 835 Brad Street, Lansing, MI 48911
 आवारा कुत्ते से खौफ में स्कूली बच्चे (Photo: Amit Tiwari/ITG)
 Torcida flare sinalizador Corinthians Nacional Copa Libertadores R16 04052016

==

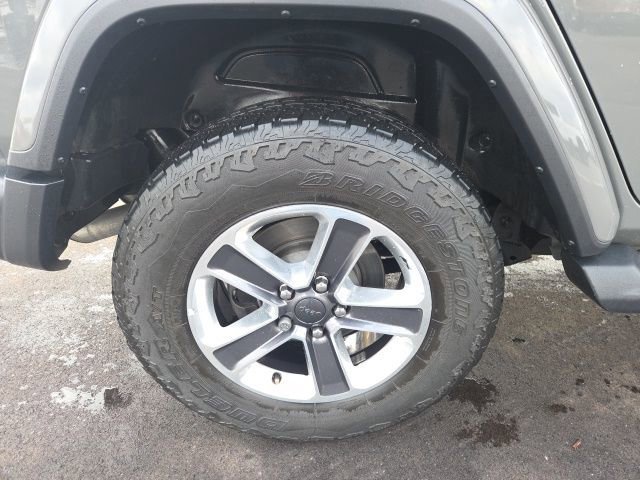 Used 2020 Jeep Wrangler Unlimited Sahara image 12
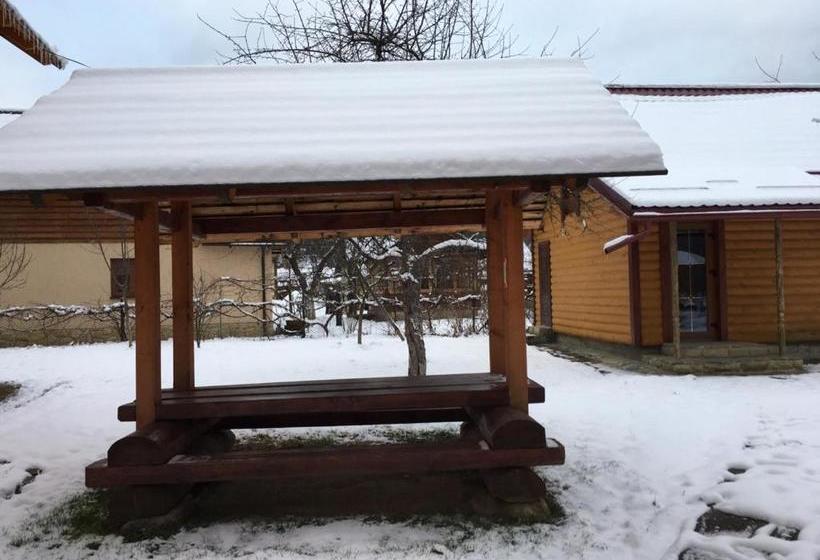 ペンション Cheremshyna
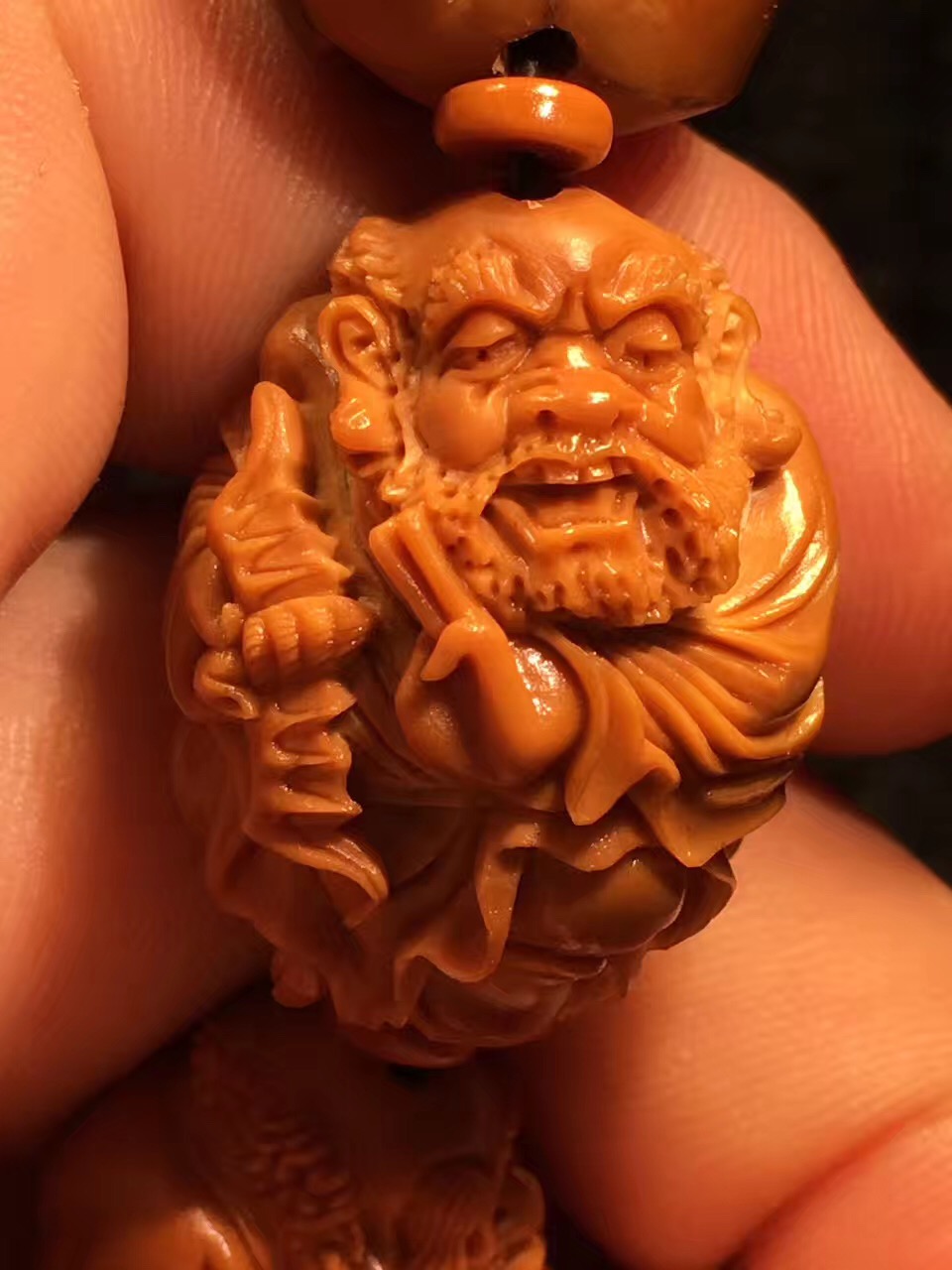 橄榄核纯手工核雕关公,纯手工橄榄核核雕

→ INSTRUCTIONS TO FOLLOW: Look in the material above for the line with "आवारा कुत्ते से" and the line with "Torcida flare sinalizador", and transcribe exactly those lines and all lines between them, nothing more.

→ TASK SOLUTION:
 आवारा कुत्ते से खौफ में स्कूली बच्चे (Photo: Amit Tiwari/ITG)
 Torcida flare sinalizador Corinthians Nacional Copa Libertadores R16 04052016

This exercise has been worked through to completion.